Top of RECORD EXTRACTS
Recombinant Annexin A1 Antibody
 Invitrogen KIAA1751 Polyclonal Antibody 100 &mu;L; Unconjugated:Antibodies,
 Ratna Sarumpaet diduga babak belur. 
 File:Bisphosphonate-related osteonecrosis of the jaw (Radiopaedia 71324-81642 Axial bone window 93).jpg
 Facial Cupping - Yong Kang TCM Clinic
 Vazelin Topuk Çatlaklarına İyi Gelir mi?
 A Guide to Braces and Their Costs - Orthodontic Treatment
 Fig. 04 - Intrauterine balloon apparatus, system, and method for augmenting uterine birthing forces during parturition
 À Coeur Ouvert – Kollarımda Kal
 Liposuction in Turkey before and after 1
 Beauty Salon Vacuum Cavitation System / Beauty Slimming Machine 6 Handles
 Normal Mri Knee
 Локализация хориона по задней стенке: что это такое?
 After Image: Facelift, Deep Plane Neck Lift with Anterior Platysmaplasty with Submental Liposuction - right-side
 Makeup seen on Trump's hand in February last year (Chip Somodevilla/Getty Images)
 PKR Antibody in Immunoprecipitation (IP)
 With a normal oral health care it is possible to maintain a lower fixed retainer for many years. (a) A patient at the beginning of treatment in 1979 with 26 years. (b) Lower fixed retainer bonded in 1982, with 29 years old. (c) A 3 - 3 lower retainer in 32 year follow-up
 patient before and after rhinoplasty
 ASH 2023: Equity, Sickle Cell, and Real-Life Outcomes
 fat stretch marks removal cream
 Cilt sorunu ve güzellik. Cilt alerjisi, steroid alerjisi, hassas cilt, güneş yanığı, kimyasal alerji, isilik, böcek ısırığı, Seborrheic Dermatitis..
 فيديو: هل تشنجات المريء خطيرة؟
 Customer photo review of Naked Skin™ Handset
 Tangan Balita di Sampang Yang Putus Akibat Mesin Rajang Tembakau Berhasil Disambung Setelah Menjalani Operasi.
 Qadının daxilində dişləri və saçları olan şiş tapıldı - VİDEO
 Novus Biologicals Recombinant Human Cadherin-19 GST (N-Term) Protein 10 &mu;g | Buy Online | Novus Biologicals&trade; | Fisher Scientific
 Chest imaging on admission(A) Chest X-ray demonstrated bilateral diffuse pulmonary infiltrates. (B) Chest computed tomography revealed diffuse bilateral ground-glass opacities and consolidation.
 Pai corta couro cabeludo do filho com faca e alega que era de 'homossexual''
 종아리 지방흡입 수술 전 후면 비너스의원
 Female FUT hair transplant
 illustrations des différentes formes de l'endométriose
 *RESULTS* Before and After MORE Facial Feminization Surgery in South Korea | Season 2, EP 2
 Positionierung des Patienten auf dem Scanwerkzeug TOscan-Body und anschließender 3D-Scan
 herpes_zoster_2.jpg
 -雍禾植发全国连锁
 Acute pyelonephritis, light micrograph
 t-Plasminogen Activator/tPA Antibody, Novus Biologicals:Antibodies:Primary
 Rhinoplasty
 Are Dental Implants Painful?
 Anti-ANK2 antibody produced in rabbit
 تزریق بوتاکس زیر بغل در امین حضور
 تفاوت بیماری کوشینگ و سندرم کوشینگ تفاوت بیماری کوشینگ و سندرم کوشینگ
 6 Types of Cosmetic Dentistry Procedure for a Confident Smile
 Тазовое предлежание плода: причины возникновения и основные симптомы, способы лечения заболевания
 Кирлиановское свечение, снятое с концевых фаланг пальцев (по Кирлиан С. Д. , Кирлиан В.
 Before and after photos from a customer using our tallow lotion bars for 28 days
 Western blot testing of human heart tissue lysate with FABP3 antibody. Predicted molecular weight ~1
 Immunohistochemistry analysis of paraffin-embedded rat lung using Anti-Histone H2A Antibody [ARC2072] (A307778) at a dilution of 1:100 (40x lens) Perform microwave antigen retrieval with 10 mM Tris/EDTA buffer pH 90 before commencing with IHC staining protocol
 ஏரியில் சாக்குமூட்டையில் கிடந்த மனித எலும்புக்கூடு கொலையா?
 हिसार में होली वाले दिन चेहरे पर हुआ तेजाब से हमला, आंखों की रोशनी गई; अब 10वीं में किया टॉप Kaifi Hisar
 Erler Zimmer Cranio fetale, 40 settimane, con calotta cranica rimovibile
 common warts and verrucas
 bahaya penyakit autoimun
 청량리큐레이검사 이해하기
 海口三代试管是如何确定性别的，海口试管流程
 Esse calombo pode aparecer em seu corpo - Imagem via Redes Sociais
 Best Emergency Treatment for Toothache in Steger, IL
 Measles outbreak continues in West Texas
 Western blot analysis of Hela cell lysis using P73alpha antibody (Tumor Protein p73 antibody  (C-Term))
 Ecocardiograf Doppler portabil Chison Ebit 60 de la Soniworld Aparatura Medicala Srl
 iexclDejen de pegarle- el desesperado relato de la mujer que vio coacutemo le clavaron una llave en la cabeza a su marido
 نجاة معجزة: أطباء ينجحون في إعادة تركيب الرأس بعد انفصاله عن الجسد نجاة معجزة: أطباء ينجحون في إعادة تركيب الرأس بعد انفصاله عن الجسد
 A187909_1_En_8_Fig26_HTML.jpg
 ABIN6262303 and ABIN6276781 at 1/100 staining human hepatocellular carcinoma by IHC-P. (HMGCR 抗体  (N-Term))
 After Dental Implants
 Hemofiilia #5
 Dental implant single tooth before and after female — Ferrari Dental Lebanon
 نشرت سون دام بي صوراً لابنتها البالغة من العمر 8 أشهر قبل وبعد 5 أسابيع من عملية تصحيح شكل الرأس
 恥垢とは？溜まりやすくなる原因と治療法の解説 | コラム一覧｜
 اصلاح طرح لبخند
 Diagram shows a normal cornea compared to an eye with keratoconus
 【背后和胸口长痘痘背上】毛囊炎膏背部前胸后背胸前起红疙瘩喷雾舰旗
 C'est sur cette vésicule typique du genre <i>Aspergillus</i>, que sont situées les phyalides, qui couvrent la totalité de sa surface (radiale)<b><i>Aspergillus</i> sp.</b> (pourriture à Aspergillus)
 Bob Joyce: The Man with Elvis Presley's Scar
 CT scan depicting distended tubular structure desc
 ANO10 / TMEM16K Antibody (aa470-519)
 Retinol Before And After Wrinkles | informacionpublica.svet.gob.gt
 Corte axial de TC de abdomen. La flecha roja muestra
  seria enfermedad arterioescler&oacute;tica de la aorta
Bottom of RECORD EXTRACTS
WHAT THE EXERCISE ASKS - Please copy the lines above from the line with "تفاوت بیماری کوشینگ و سندرم کوشینگ تفاوت" up to and including the line with "Тазовое предлежание плода: причины", exactly as written and with nothing else.

TASK SOLUTION -
 تفاوت بیماری کوشینگ و سندرم کوشینگ تفاوت بیماری کوشینگ و سندرم کوشینگ
 6 Types of Cosmetic Dentistry Procedure for a Confident Smile
 Тазовое предлежание плода: причины возникновения и основные симптомы, способы лечения заболевания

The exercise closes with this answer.